A análise da Primeira República também revela bem mais que meia dúzia de oligarcas lutando pelo poder. No período entre 1889 e 1930, a taxa de alfabetização saltou, o crescimento da indústria e dos transportes foi bem maior que o do café, puxado pela integração ao comércio internacional. Nessa época, todas as funções modernas do Estado, como redes de escolas, segurança pública, saúde e saneamento se consolidaram pela ação dos governos estaduais e de iniciativas locais pioneiras. E se, seguindo a tendência mundial, o governo parece ter acertado ao apostar no mercado interno como esteio do desenvolvimento a partir de 1930, o Brasil, ao continuar apostando no estatismo de mão pesada que marcou governos desde o de Ernesto Geisel até o de Dilma Rousseff – em que pesem as reformas liberalizantes da década de 1990 –, vem perdendo muitas janelas de oportunidades criadas pela globalização, desde 1970, quando o comércio internacional passou a crescer em ritmo bem mais acentuado que as economias nacionais. A comparação com os resultados da China, que apostou na direção contrária ao Brasil, oferece a conta: em 1970, a economia chinesa era menor que a brasileira e hoje é sete vezes maior.

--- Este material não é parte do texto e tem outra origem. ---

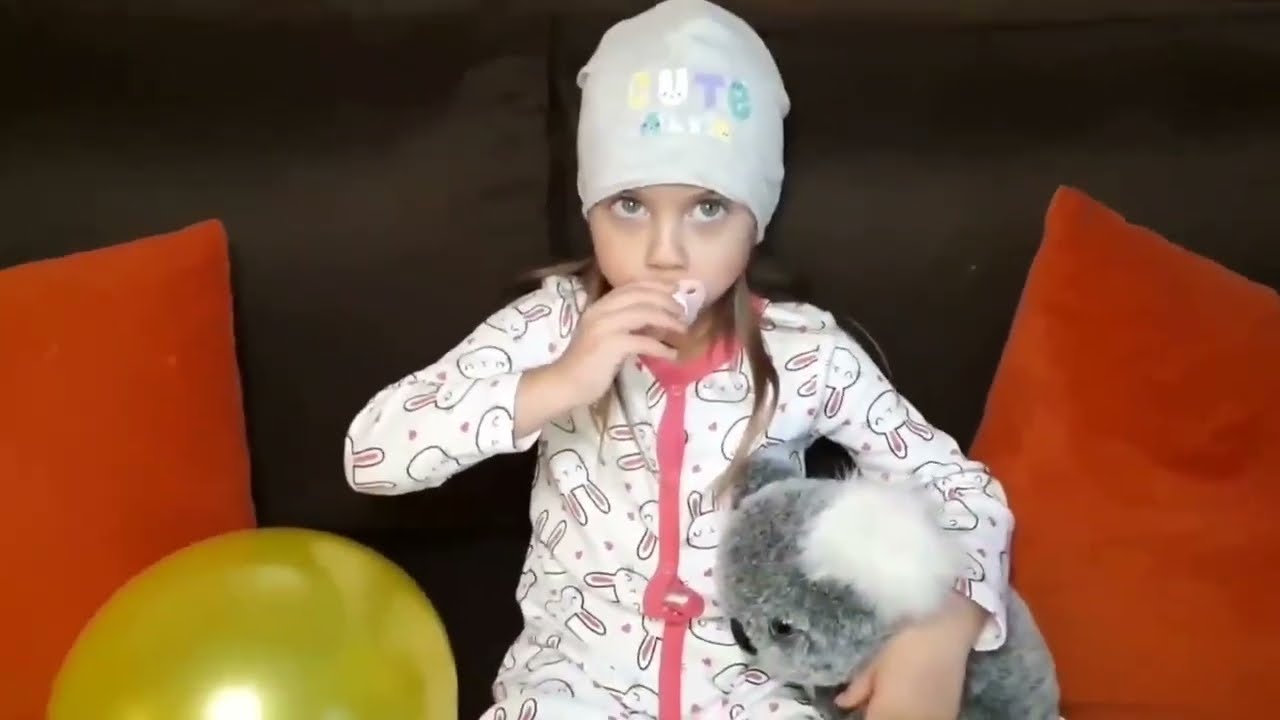 Doctor distracts baby from her shots with goofy tune...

Misto de acertos e de erros, nem céu, nem inferno (nome inclusive de uma coletânea de Caldeira), o Brasil que se revela nos convida a assumir nossas responsabilidades individuais e coletivas, uma vez que a história não nos impôs destino algum; nos convida a superar polarizações simplistas em nossa compreensão própria, que sempre degeneram sectarismos políticos; e nos convida a estar vigilantes contra o imobilismo burocrático e atentos para iniciativas e empreendimentos locais, sempre mais próximos das reais necessidades e do dinamismo do nosso povo. É urgente que, de posse de novas informações e despido de velhos cacoetes mentais, o Brasil possa acertar as contas com seu passado para acertar os passos em direção ao futuro.